» ASSIGNMENT
With the pictures excluded, reproduce all of the data exactly.

» AVAILABLE DATA
*** Block opens ***
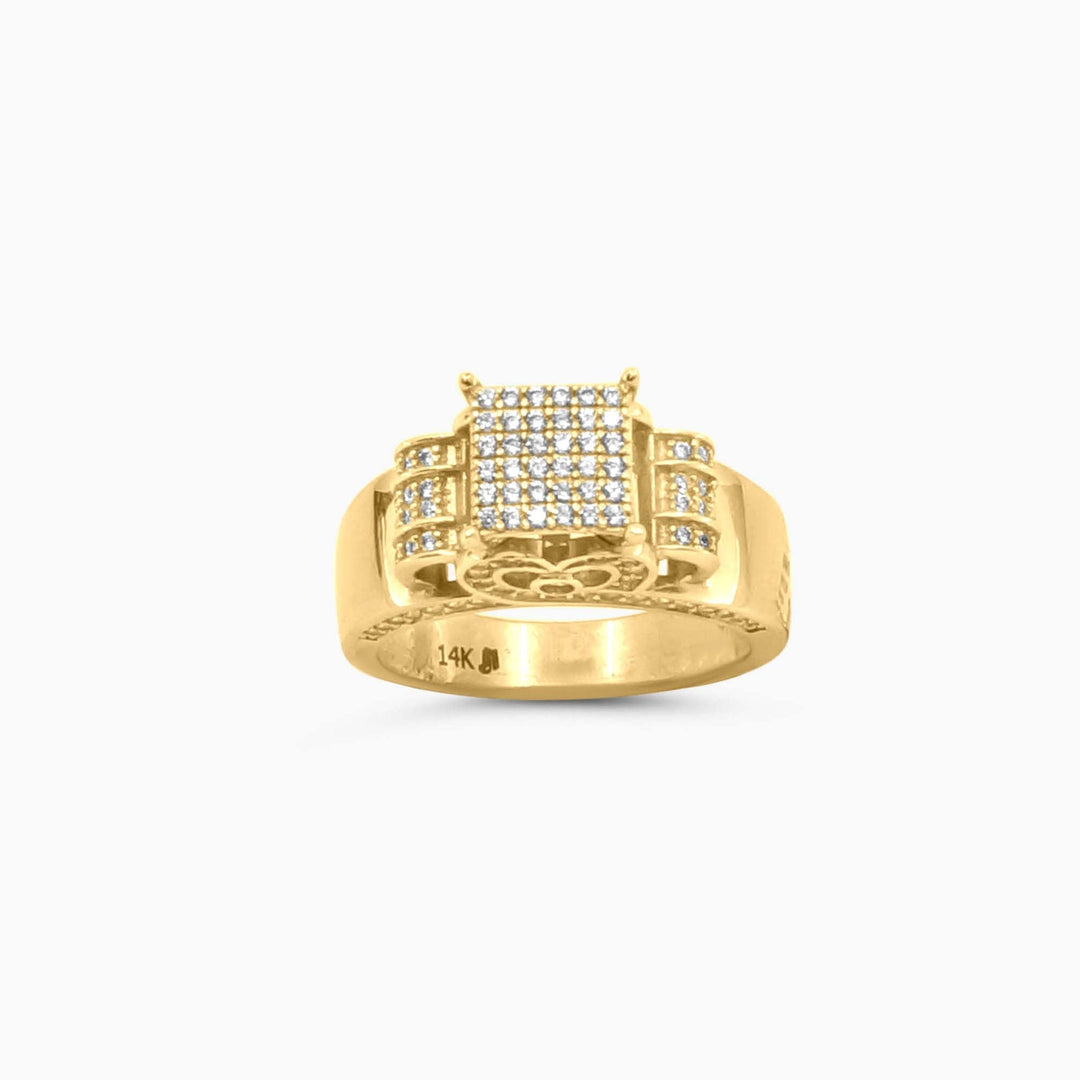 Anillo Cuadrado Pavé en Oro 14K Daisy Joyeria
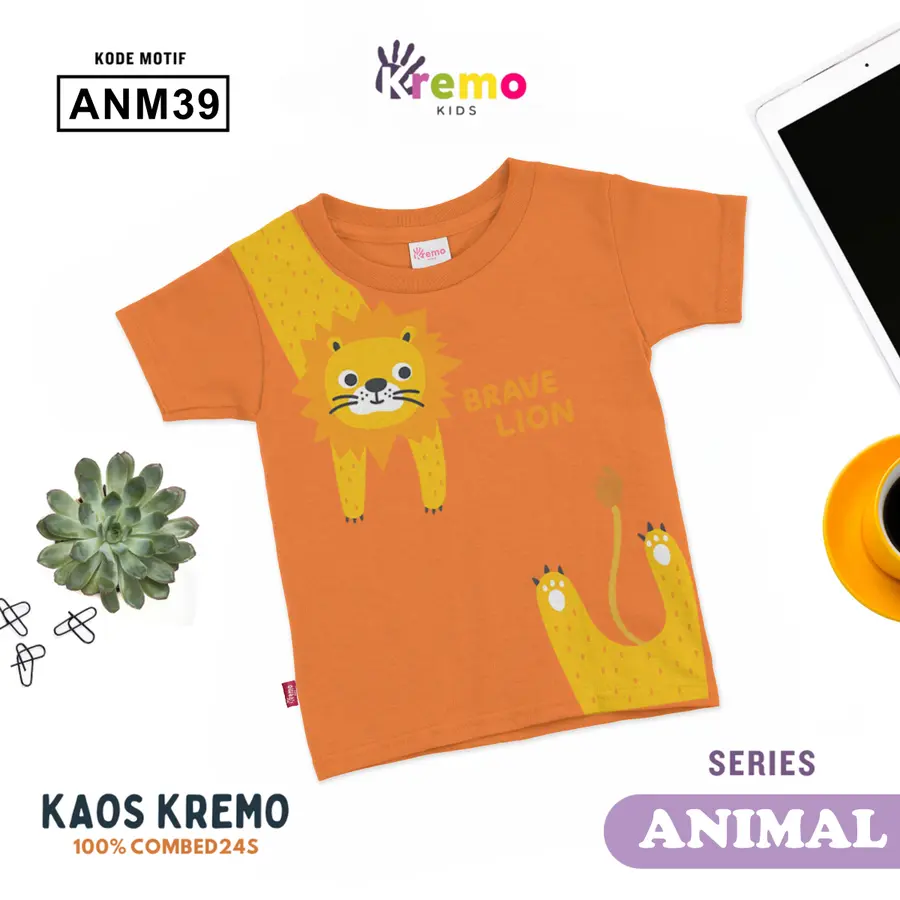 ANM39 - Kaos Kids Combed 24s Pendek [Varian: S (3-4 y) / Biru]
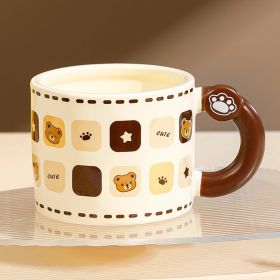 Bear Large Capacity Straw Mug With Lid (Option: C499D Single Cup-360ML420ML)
*** Block closes ***
» OUTPUT OF THE TASK
 Anillo Cuadrado Pavé en Oro 14K Daisy Joyeria
 ANM39 - Kaos Kids Combed 24s Pendek [Varian: S (3-4 y) / Biru]
 Bear Large Capacity Straw Mug With Lid (Option: C499D Single Cup-360ML420ML)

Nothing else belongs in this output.